Eppure sembravano tutte uguali
Numerose sono le razze esistenti in Italia, si può quasi dire che ogni regione ne ha una propria, e in alcuni casi più di una. Oggi prendiamo in considerazione le caratteristiche più salienti che distinguono una razza da un’altra e/o una pecora da un’altra. Al di là dell’attitudine, che può essere per il latte, la carne o la lana.
Partiamo da una base fondamentale: il colpo d’occhio del pastore, che deve riconoscere la pecora in un attimo osservando i caratteri esterni che la distinguono. Iniziamo dalla taglia, che può essere media (come la Sarda, la Massese o la Comisana) o grossa, come la Bergamasca.
Il profilo: può essere rettilineo o montonino, cioè una pecora può avere i lineamenti del maschio o viceversa. La testa: talvolta fine, leggera, allungata, o grossa, ben sviluppata, o con profilo camuso. Le orecchie possono essere lunghe e pendenti, dritte, corte, medie, o orizzontali, a volte è presente un ciuffo di lana in fronte, riccio, liscio o allungato. Gli occhi e le palpebre possono essere più o meno pronunciati, così come le narici o la bocca. Molto frequenti sono le macchie: nere, marroni o rossicce, presenti in vari punti della testa e nel resto del corpo compresi gli zoccoli. Le corna poi possono essere leggere o esili, seghettate o lisce, a spirale aperta o chiusa.
Una pecora si può riconoscere anche dalla forma del tronco, che a sua volta si divide in: base del cranio, collo, dorso, torace, groppa, lombi, addome, garrese e coda. In ognuna di queste regioni del corpo si riscontrano diversità enormi, sia in razze differenti che in pecore della stessa razza.
Faccio alcuni esempi: un tronco può essere lungo, oppure largo, mediamente largo o stretto, un torace può essere piatto, alto o profondo, privo di lana o lanoso, un garrese può avere l’altezza inferiore alla groppa, o può essere più alto e tagliente, un addome può essere capiente, arrotondato, voluminoso, oppure stretto ed esile, anche la coda è quasi sempre diversa da una pecora all’altra.
E che dire della mammella, organo meraviglioso che cattura il primo sguardo del pastore, quando è sferica, larga, morbida e con i capezzoli ben diretti, che dispensano piacere durante la mungitura.

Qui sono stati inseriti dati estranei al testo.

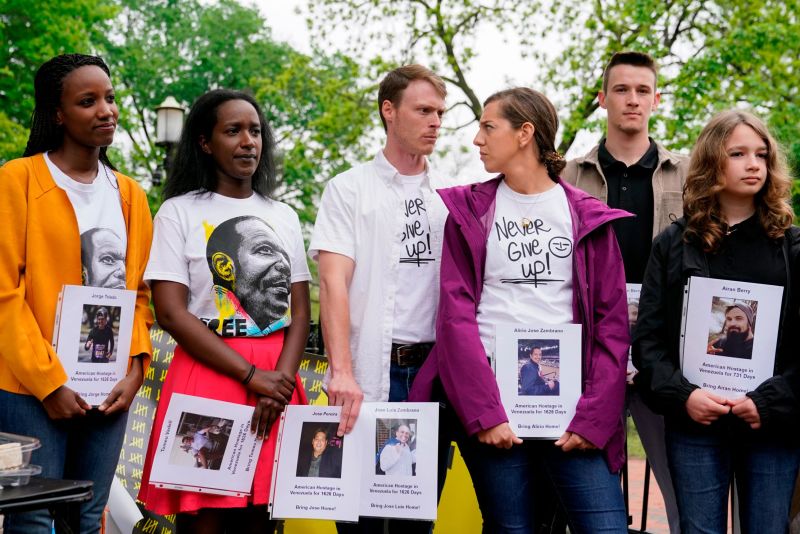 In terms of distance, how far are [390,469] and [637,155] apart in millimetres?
1974

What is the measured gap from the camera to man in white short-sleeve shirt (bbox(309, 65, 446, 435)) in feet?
11.3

Altri dati riconoscibili sono: il vello (mantello), il quale varia dal bianco al marrone, al nero, al rossiccio o a chiazze, ad esempio la Comisana, detta anche “testa rossa” appunto ha la testa di colore rosso. Molto frequenti sono gli incroci di questa razza con la pecora Sarda.
Altri caratteri esterni sono il peso e l’altezza, che un bravo pastore attribuisce all’animale a occhio, senza doverlo prendere in braccio o pesare.
Questa breve panoramica sui tratti somatici vi può far capire quanto un pastore deve saper osservare, e memorizzare tutte le informazioni necessarie per la identificazione delle sue pecore.
Tali strumenti di conoscenza “empirici” non sono in vendita al supermercato e non si studiano neanche sui banchi di scuola, ma sono linee-guida tramandate nei secoli, da padre in figlio, che spesso consentono – attraverso un’infinità di combinazioni morfologiche – di riconoscere le proprie pecore da quelle del vicino, o nello stesso gregge, ad esempio colei che essendo figlia di una buona lattifera, sarà designata ad essere la mamma del maschio riproduttore.
Cogliendo questi segni indicativi e molto altro ancora ci si rende anche conto dello stato di benessere o di un cattivo stato di salute di ogni singola pecora. Tutto ciò tradotto in parole semplici, cari amici, si chiama “Spirito di osservazione”, ed è la dote innata che un bravo pastore deve avere in assoluto.